What the task asks:
Below are the records; retype them exactly and omit each picture.

====

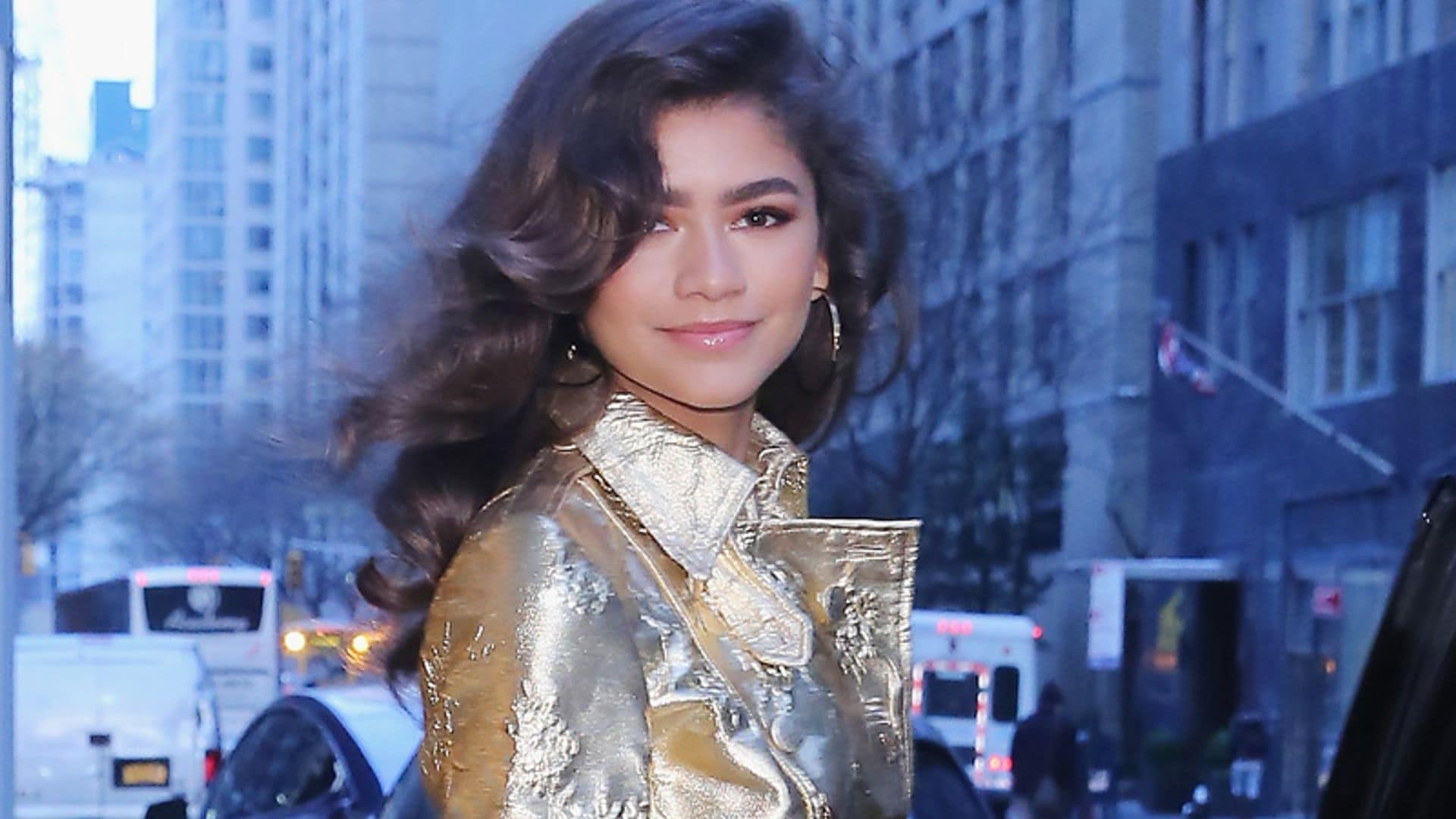 Zendaya tiene las 4 prendas de abrigo más 'cool' de 2018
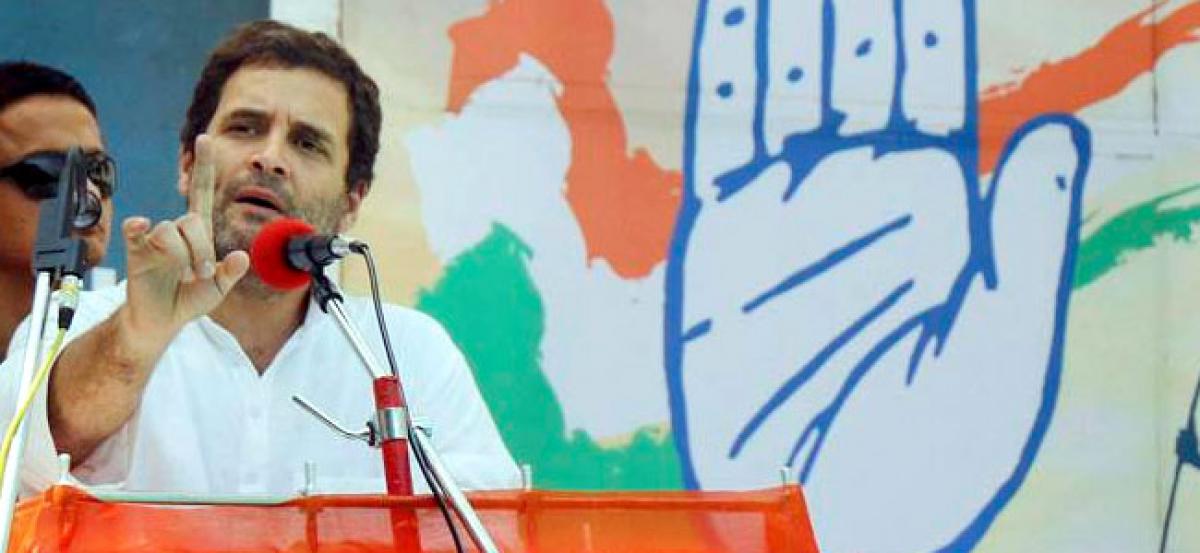 Will give special status to Andhra if voted to power, says Rahul Gandhi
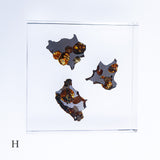 Stony-iron meteorite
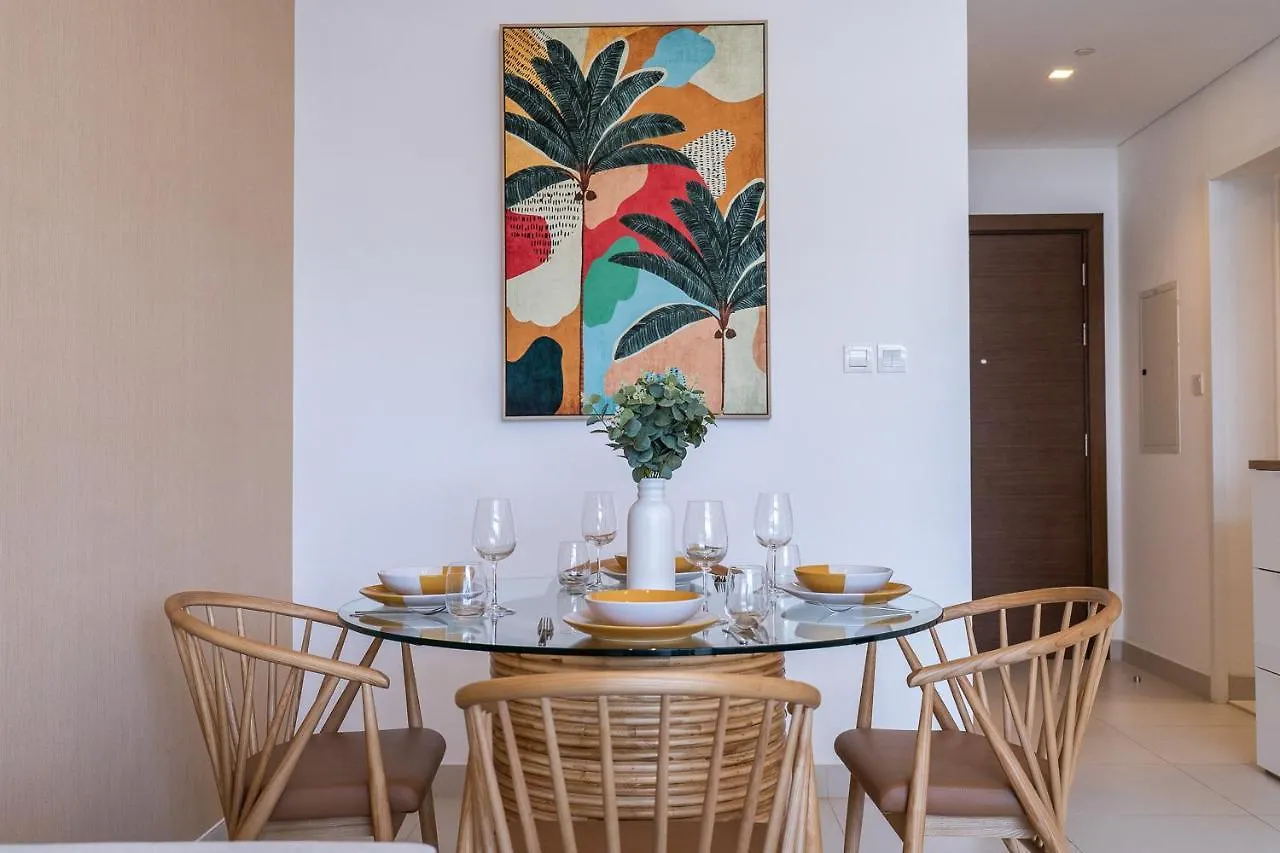 Tropical Oasis Apartment In Meydan By Suiteable Ντουμπάι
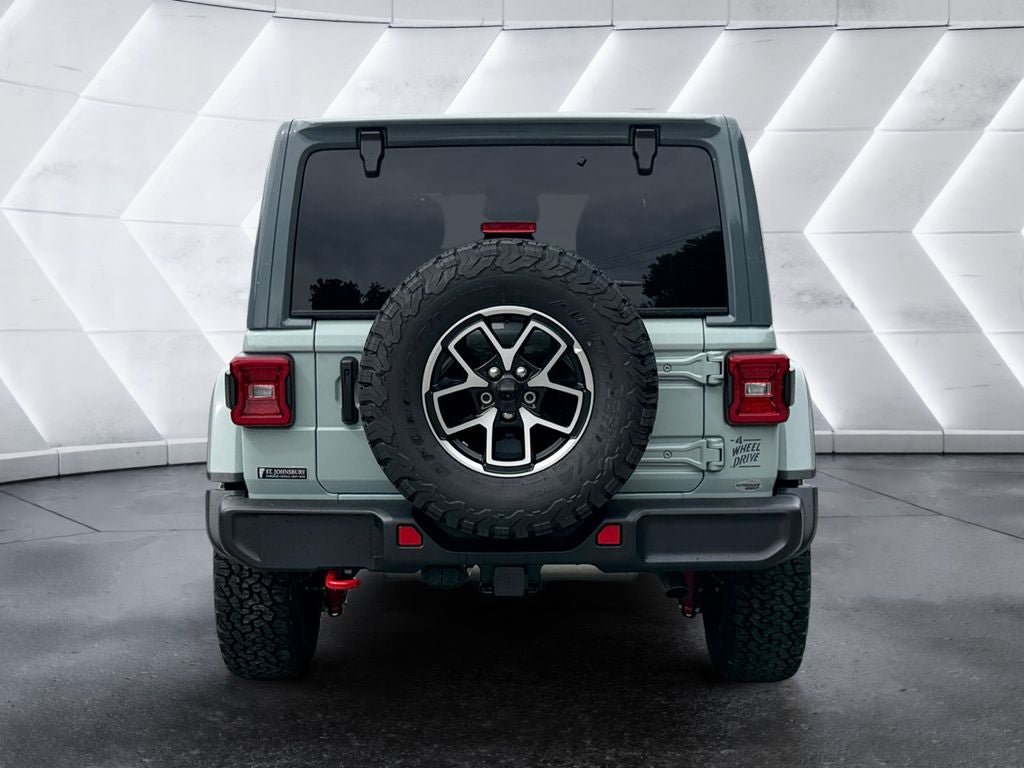 New 2026 Jeep Wrangler Unlimited Rubicon w/ Rockslide Package AWD/4WD image 5
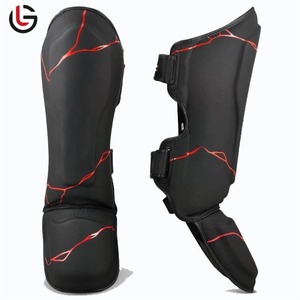 Profesión Boxeo Espesar Espinilleras Instep Muay Thai Fighting Hombres Mma Espinilleras Boxeo - Product Image 1
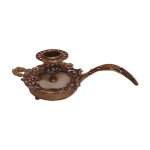 Bougeoir ancien en bronze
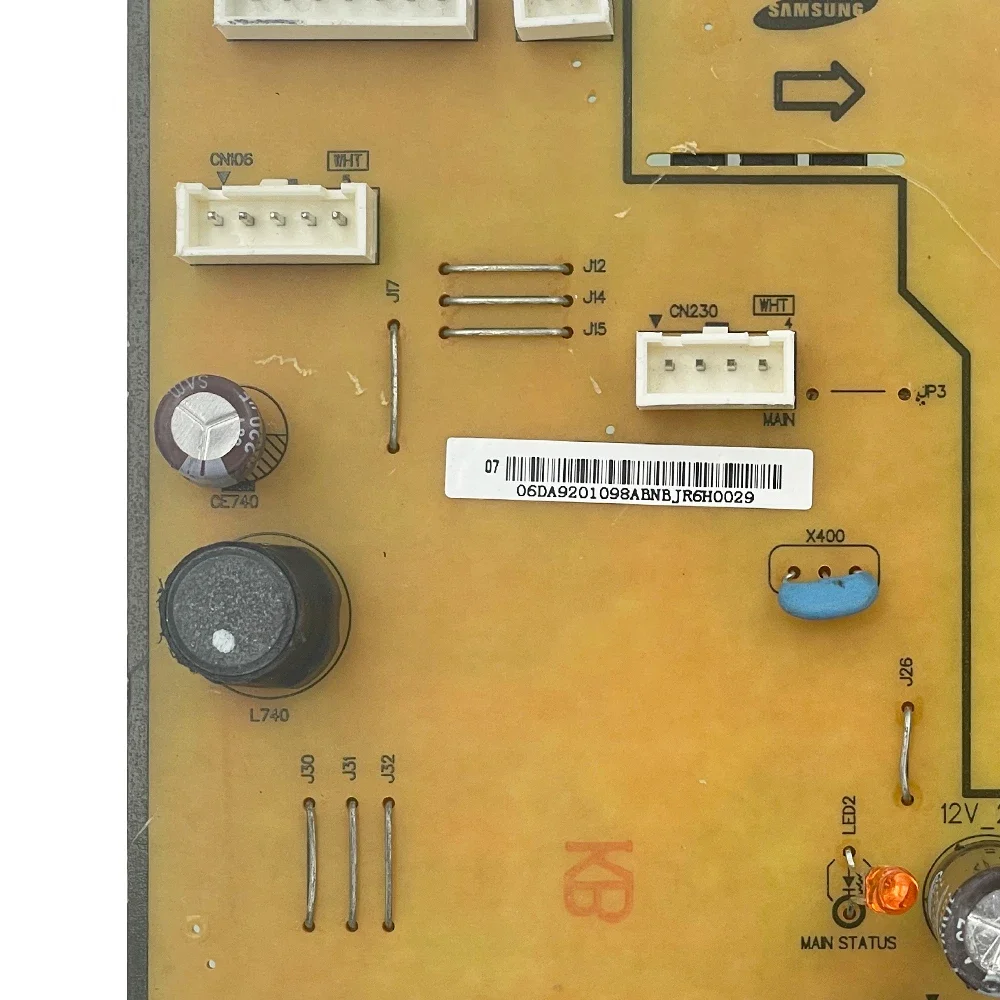 Used For Samsung Refrigerator Control Board DA92-01098A Circuit PCB DA41-00863A Fridge Motherboard Freezer Parts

====

Answer box:
 Zendaya tiene las 4 prendas de abrigo más 'cool' de 2018
 Will give special status to Andhra if voted to power, says Rahul Gandhi
 Stony-iron meteorite
 Tropical Oasis Apartment In Meydan By Suiteable Ντουμπάι
 New 2026 Jeep Wrangler Unlimited Rubicon w/ Rockslide Package AWD/4WD image 5
 Profesión Boxeo Espesar Espinilleras Instep Muay Thai Fighting Hombres Mma Espinilleras Boxeo - Product Image 1
 Bougeoir ancien en bronze
 Used For Samsung Refrigerator Control Board DA92-01098A Circuit PCB DA41-00863A Fridge Motherboard Freezer Parts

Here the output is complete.